NEWSLETTER LEGAL JUNE 2025

Business Transfers and Pre-existing Liabilities 

With its recent judgment No. 14020 of 26 May 2025, the Italian Supreme Court reaffirms a key principle regarding the transferee’s joint liability for pre-existing company debts. According to Article 2560, paragraph 2 of the Italian Civil Code, such liability arises only where the debts are duly recorded in the mandatory accounting books of the transferred business. 

The Court held that a transferee’s awareness of the debt at the time of acquisition is not sufficient: accounting registration is a necessary and irreplaceable requirement, given the exceptional nature of the rule, which cannot be extended by analogy. 

Two Interpretations Compared: The Restrictive View Prevails 

The Supreme Court confirmed the traditional, restrictive interpretation, rejecting the view that a transferee may be held liable solely due to actual knowledge of the debt. Creditors of the transferor cannot be protected at the expense of the transferee and their own creditors, who rely on the transparency of the company’s accounts. 

The Only Exception: Assumption of Liability by Assumption of Debt Agreement 

In the absence of a proper accounting entry, liability may arise only through a contractual assumption of debt, via an explicit accollo (assumption of debt) agreement. 

This decision reinforces the critical importance of a detailed review of accounting records during due diligence — more so than informal disclosures or other sources of information. For prospective buyers, transparent accounting remains the most effective shield against unexpected liabilities. 

 

Mandatory Catastrophe Insurance: Key Developments on Liability, Property and Business Classification 

The Italian Chamber of Deputies continues its review of the draft law converting Decree-Law No. 39/2025, which addresses various aspects of the mandatory catastrophe insurance introduced by the 2024 Budget Law. 

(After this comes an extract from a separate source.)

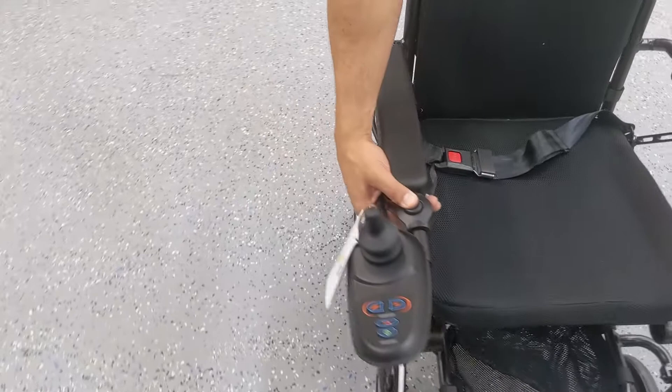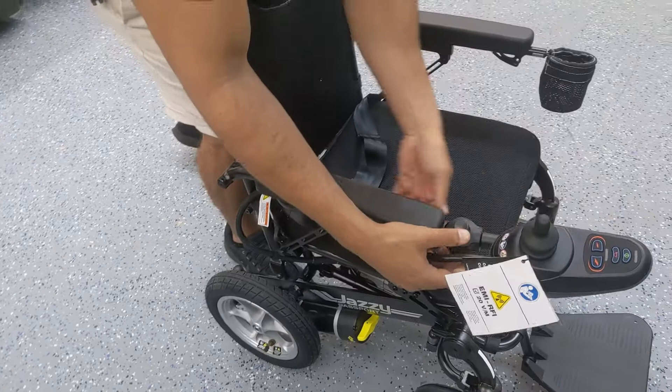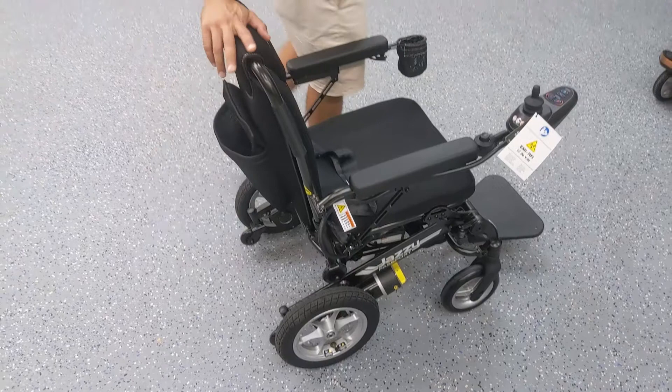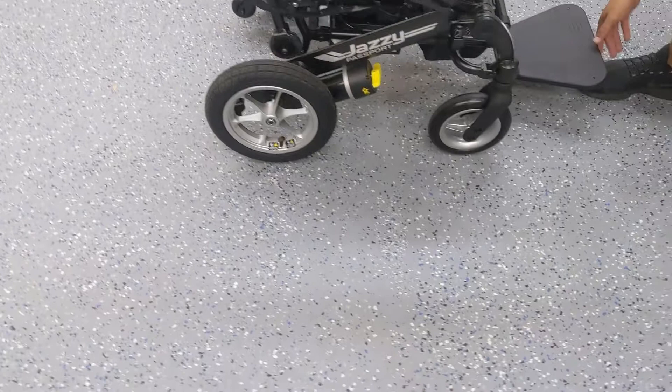There is a nice feature on the joystick mount. If you push that button down you can control the position a little more, and you can also rotate it when you loosen up that bicycle-style clamp. So in terms of positions, you can really control the placement of that joystick, giving the user the most comfortable setup possible.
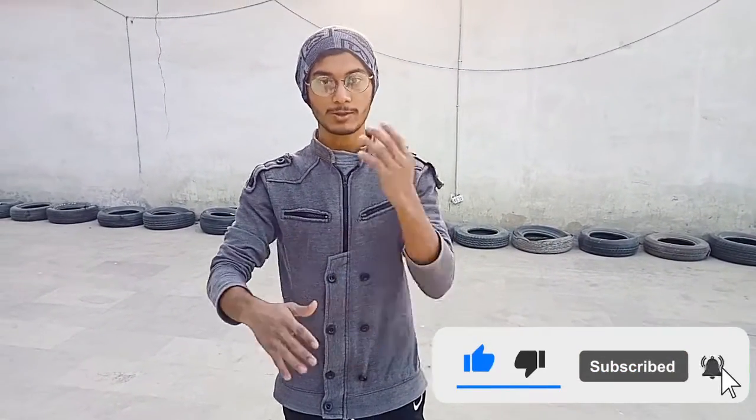Hello guys, this is Rafa Khan. Today we will talk about sports. People are doing sports in the gym or at home and they are making mistakes, so they have a lot of chances of injury. Today I will tell you some exercises which you can learn step by step, so you can learn sports and then perform it.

Obligation Covers Rented Business Premises 

An approved amendment clarifies that the obligation to ensure business assets also applies to leased properties. If the tenant-entrepreneur takes out the policy, the compensation is payable to the owner, who is then required to use it for restoration. If the owner fails to do so, the entrepreneur is entitled to loss-of-profit compensation up to 40% of the payout. The entrepreneur also holds a preferential right for reimbursement of premiums and loss of profit. 

Another amendment stipulates that unlawfully constructed buildings are excluded from coverage, with exceptions for: 

  • buildings with valid building permits or built when permits were not required; 
  • properties subject to amnesty or ongoing regularisation proceedings. 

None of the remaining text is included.